Closed Sneakr closed 4 months ago
Adding this here as reference. The model should not remember its creator Meta nor the Llama name. It also lost many of the fine tuned information that was imposed upon it while it still managed to retain the humor, and the speaking style.
You should merge the model with pytorch and then convert the merged model to gguf. The lora conversion script has issues exporting tensors that are permuted during model conversion, and it should probably be removed.
@slaren Thank you will try that And update this thread with the result
@slaren I can't seem to get it to work with other methods neither, do you by chance have any external guide or link to some guide that demonstrates or documentation how to merge it using pytorch?
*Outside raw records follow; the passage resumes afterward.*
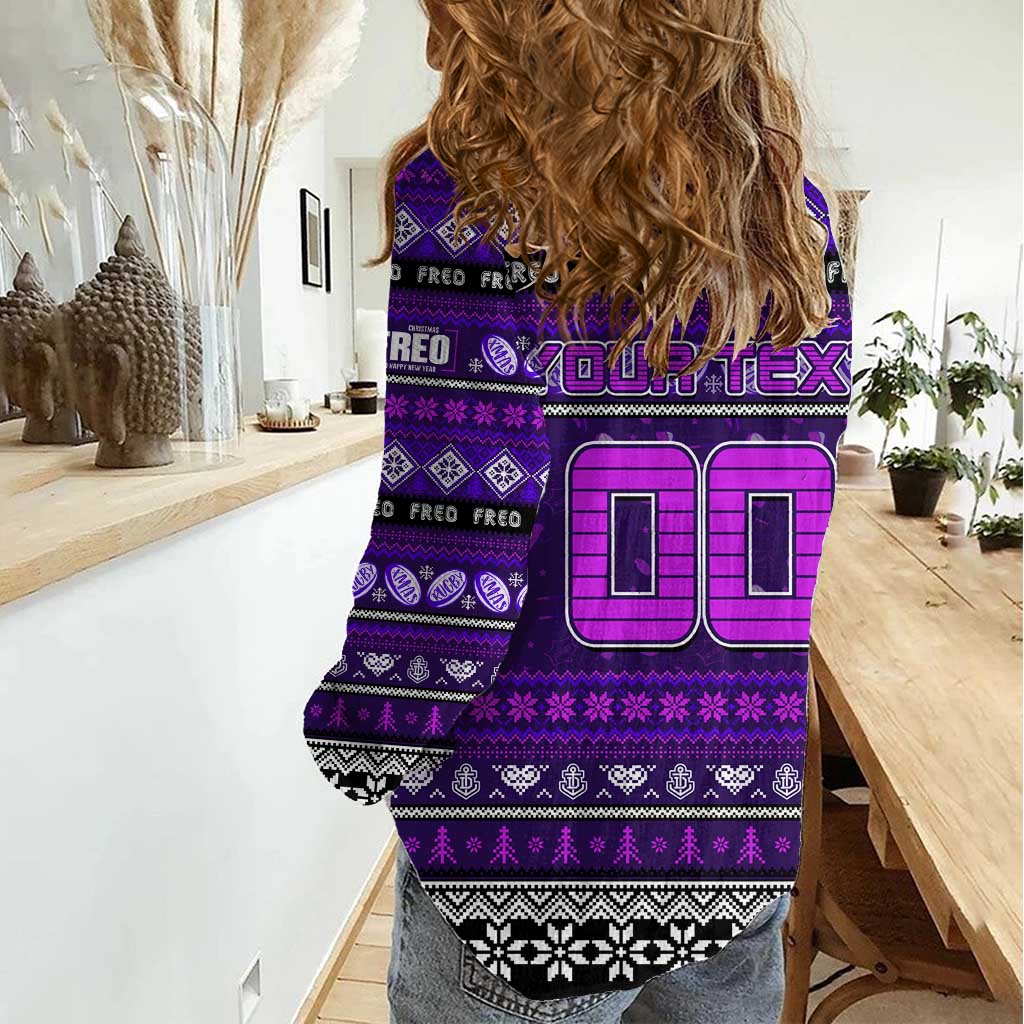 Personalized Freo Football Xmas Women Casual Shirt Australia AFL Mascot - Vibe Hoodie Shop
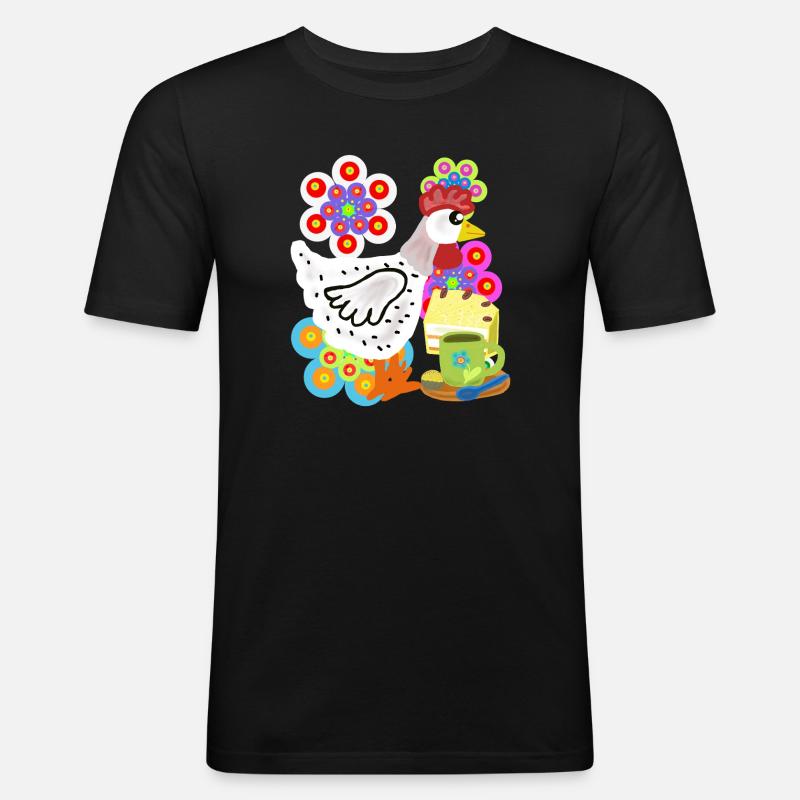  Henne  Kuchen Kaffeepause Kaffee Huhn - Männer Slim Fit T-Shirt - Schwarz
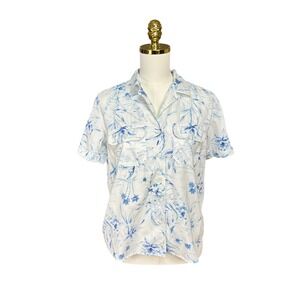 Vtg Villager Sport Petite Medium Blue White Tropical Cotton Button Down Shirt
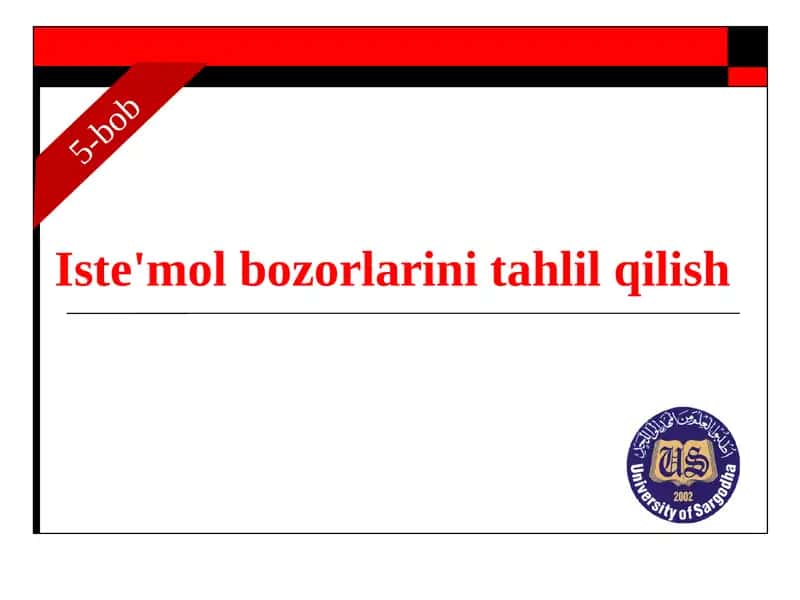 Iste'mol bozorlarini tahlil qilish 1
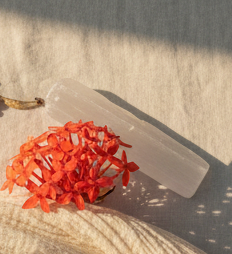 selenite crystal for cleansing and clarity at Ixora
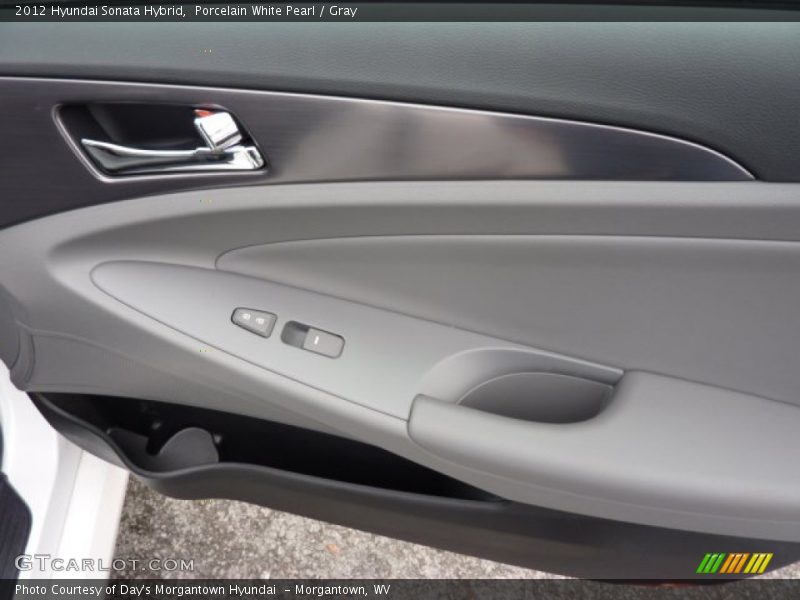 Porcelain White Pearl / Gray 2012 Hyundai Sonata Hybrid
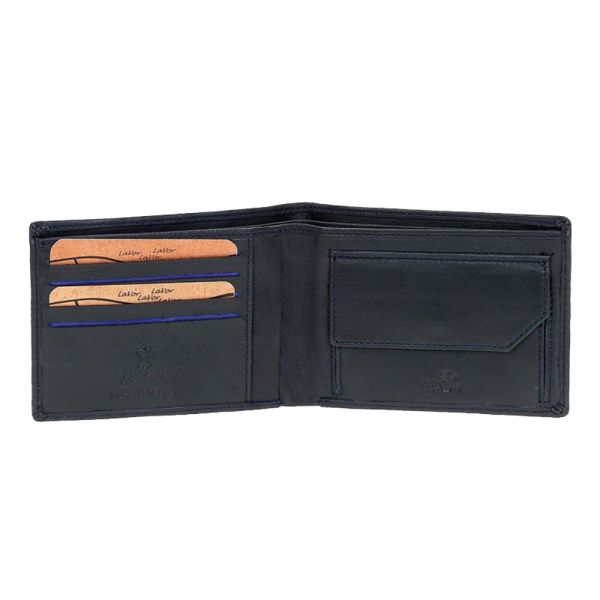Men's Leather Horizontal  Wallet  LaVor 6025 Blue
I'm getting same output regardless of how I save it.
Edit: To clarify, this is only during conversion to GGUF, when merging and loading the safetensors for inference everything works as expected. It is only during merging to GGUF (regardless of quantization, F16---) it becomes like this.
@slaren I misunderstood you completely, what you wrote is exactly what I've done. I did not use the llama.cpp lora conversion script. I just merged the lora into the model using https://huggingface.co/docs/peft/main/en/package_reference/lora#peft.LoraModel.merge_and_unload
So far so good.
Then I convert the merged model previously, into GGUF format with llama.cpp , that breaks the model and the lora fine tune, it does not produce the same outputs. The difference seems to be completely random.
Does it work with the CPU backend? (if using a version of llama.cpp built with CUDA, run with CUDA_VISIBLE_DEVICES=
to disable GPU usage).
@slaren Thats it! With GPU it ruined the lora, with CPU it works as intended! GREAT!
Then the cause may be that the finetune results in some values that cannot be represented in a float16. Maybe it would be a good idea to use BF16 instead in the cuBLAS mat mul.
@slaren Great! Thanks, been scratching my head at this for weeks. Much appreciated!!!
@Sneakr whats the solution?
@gamercoder153 add this before conversion command CUDA_VISIBLE_DEVICES=0 to run conversion on the CPU . Edit: IT's a temporary solution but does not fully fix the bfloat issue but working alteast.
You should merge the model with pytorch and then convert the merged model to gguf. The lora conversion script has issues exporting tensors that are permuted during model conversion, and it should probably be removed.
Beginning to notice a pattern around here...
Then the cause may be that the finetune results in some values that cannot be represented in a float16. Maybe it would be a good idea to use BF16 instead in the cuBLAS mat mul.
Is this more evidence BF16 should be added to the convert scripts? I've been converting BF16 to float32. Does that mitigate these issues? Of course it's not ideal, but if it works, I'll continue doing it until BF16 is natively available
Update: Altough the cpu conversion worked better, it still losees valueable data from the fine tunes after experimenting further.
I hope they solve the issue somehow
Then the cause may be that the finetune results in some values that cannot be represented in a float16. Maybe it would be a good idea to use BF16 instead in the cuBLAS mat mul.
I think if that was the case then the output would just be NaN incoherent garbage like it would be with Phi-2. My guess is that this is a difference in rounding error, not necessarily even from the precision of the weights but possibly from other operations as well. In any case, an insufficient numerical range could be tested by using FP32 instead of FP16 cuBLAS matrix multiplication.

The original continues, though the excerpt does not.